The correct use of a prescribed inhaler device is crucial for achieving successful disease management in asthma. This study investigates non-verbal, demonstrational videos as a method of teaching inhaler naïve individuals how to use a dry powder inhaler (DPI). Methods:
Video instructions for four DPIs were examined using a mixed methodology; 31 inhaler-naïve individuals participated in the study. Participants were each shown a demonstrational video of one the four inhalers, after each video the participant demonstrated how they would use the inhaler. After demonstrating the use, participants crossed over to the next inhaler. The demonstrations were videotaped. A common questionnaire was filled at the beginning of the study and four inhaler-specific questionnaires which were filled out by the participant after each inhaler demonstration. Results:
The frequency of participant error varied between inhalers.

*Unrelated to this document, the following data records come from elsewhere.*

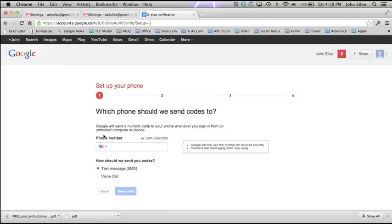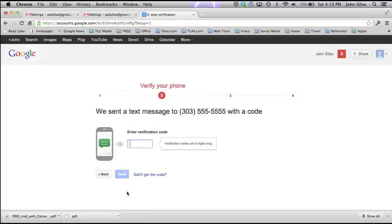We'll talk about that in a different video. But if you want to use this two-factor verification, you would put in your cell phone number here so that you always have it with you and it has texting capabilities. You let it know you want it to send you a text message, and you set it up. It will go ahead and send one to your phone. At this point, you would enter the verification code that it has sent. Now your phone is set up so that any time you want to log into your Google account, it will send a verification code to your phone, and you enter that to log into your Gmail account.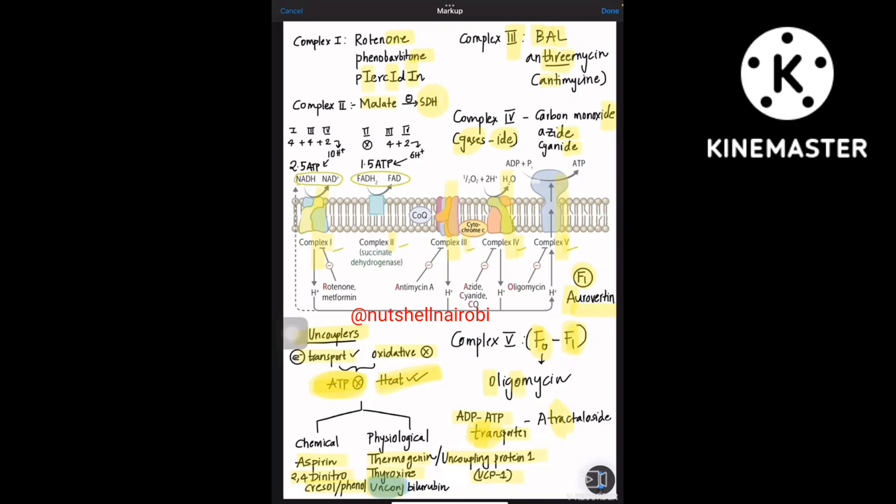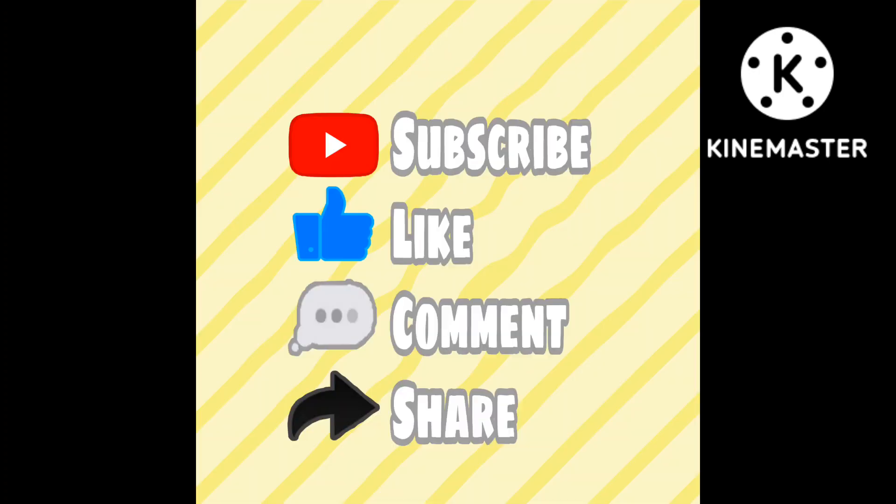This completes the electron transport chain covered in a very short manner. If you like this kind of content, please support by liking, sharing, and subscribing to the YouTube channel. We also have a Telegram channel — search for the links in the description below.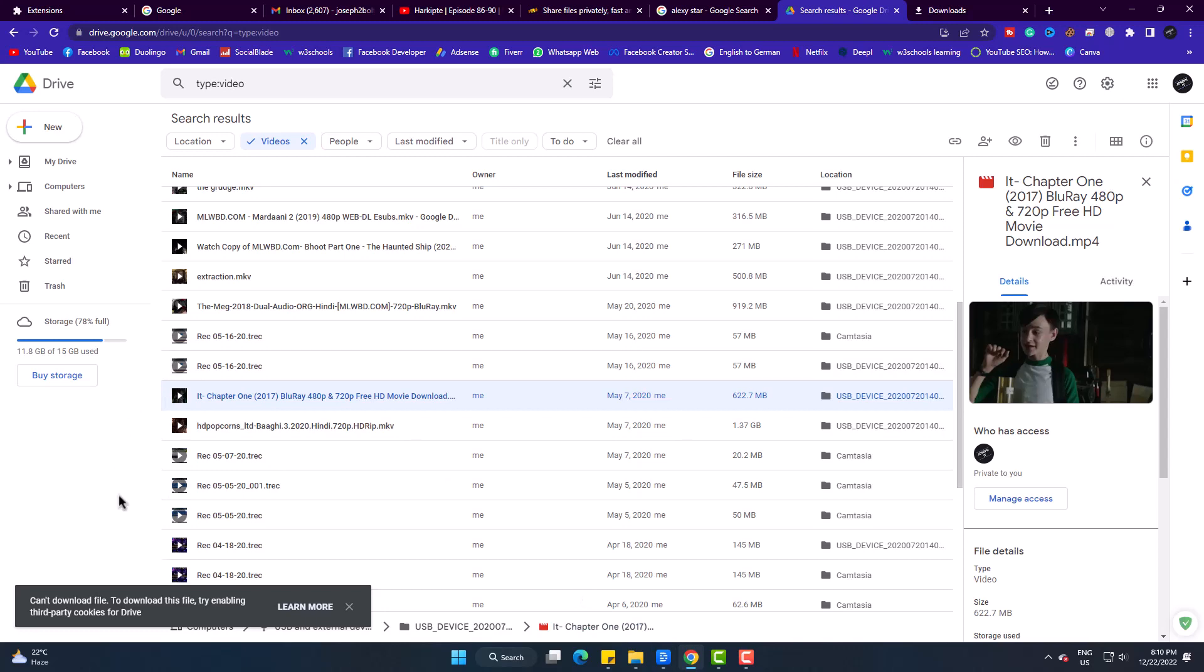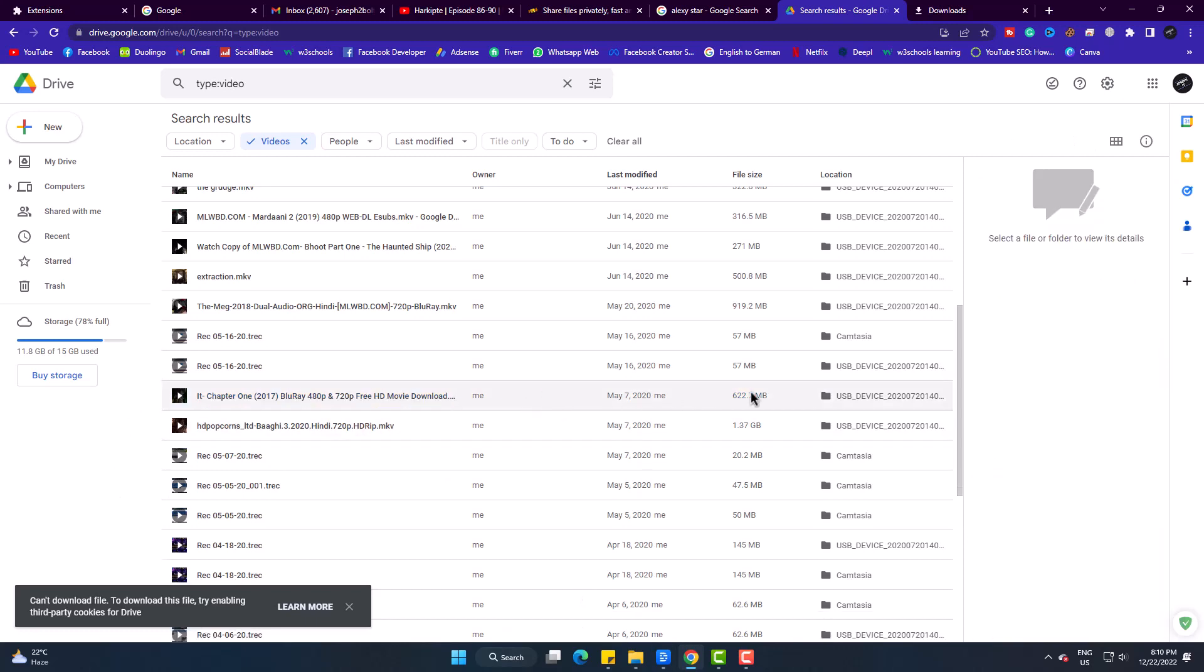This is Google Drive. I have some videos here. When I try to download one of these, the file starts downloading with Chrome browser, but not with IDM.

When asked about how they perceived the video instructions, participants often stated they would have liked to receive feedback on their performance. The importance of feedback was further highlighted by the fact that participants tended to overestimate their own inhaler technique. Conclusion:
Non-verbal videos may be more efficient for some DPIs than for others as a method for providing inhaler instructions. Lack of feedback on the participants’ inhaler performance emerged as a clear shortcoming of this educational method. Some steps in the inhalation process may be harder for individuals to remember and therefore require extra emphasis in order to achieve correct inhaler technique.